Search code examples
apache-flinkflink-streaming

Apache Flink RocksDB state management


I'm reading 2 kafka topics in the same flink jobs.

  • Stream1: Messages comes from the first topic are saved to rocksdb, then it will union with stream2.
  • Stream2: Messages comes from the second topic are enriched with state saved by stream1, then it will union with the stream1.

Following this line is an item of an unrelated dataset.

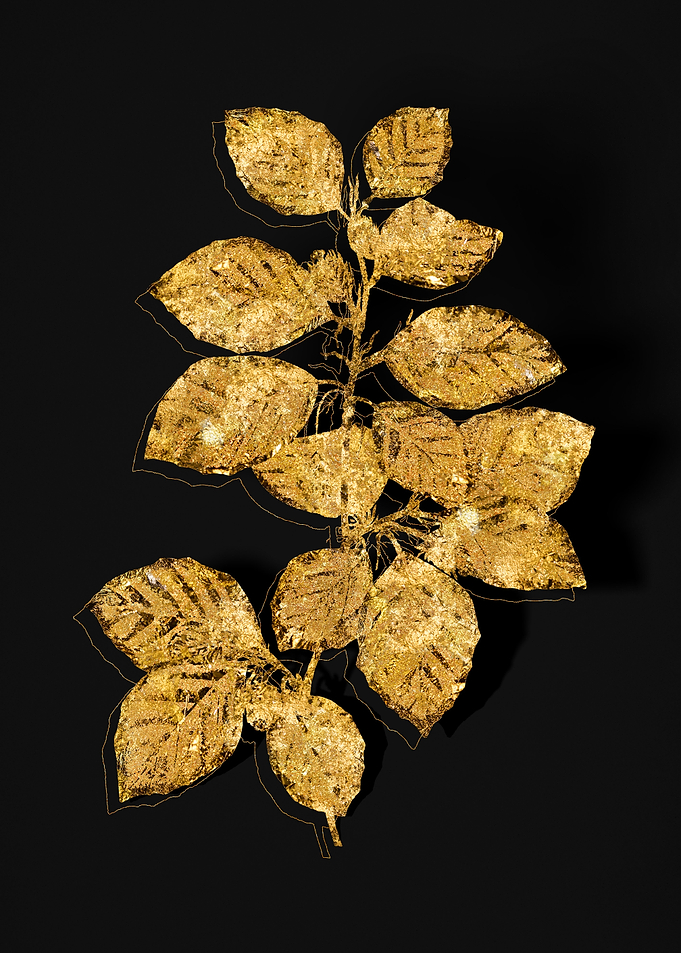 Gold Flora on Black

Topic1 and topic 2 are different sources but basically the output is the same for two sources. I have to just enrich data come from topic2 with the data come from topic1.

Here is flow;

val stream1 = readKafkaTopic1().keyBy(_.memberId).map(saveMemberDetailsToRocksDB)
val stream2 = readKafkaTopic2().keyBy(_.memberId).map(readMemberDetailsAndEnrich)
stream1.union(stream2).addSink(kafkaProducer)

Here is the questions;

  1. Is that flow good?
  2. Can stream2 access the state that saved by stream1 for the same memberId?

Solution

  • Seems that You should be able to achieve exactly what You want by using KeyedCoProcessFunction. This would like that more or less:

    stream1
    .keyBy(_.memberId)
    .connect(stream2.keyBy(_.memberId))
    .process(new CustomKeyedCoProcessFunction())
    

    This way You could keep the state in single KeyedCoProcessFunction, so You could access that both for stream1 and stream2.

    So, for processElement1 You could do the same thing You are doing inside map for stream1 and in processElement2 You could to the same thing You are doing inside map for stream2.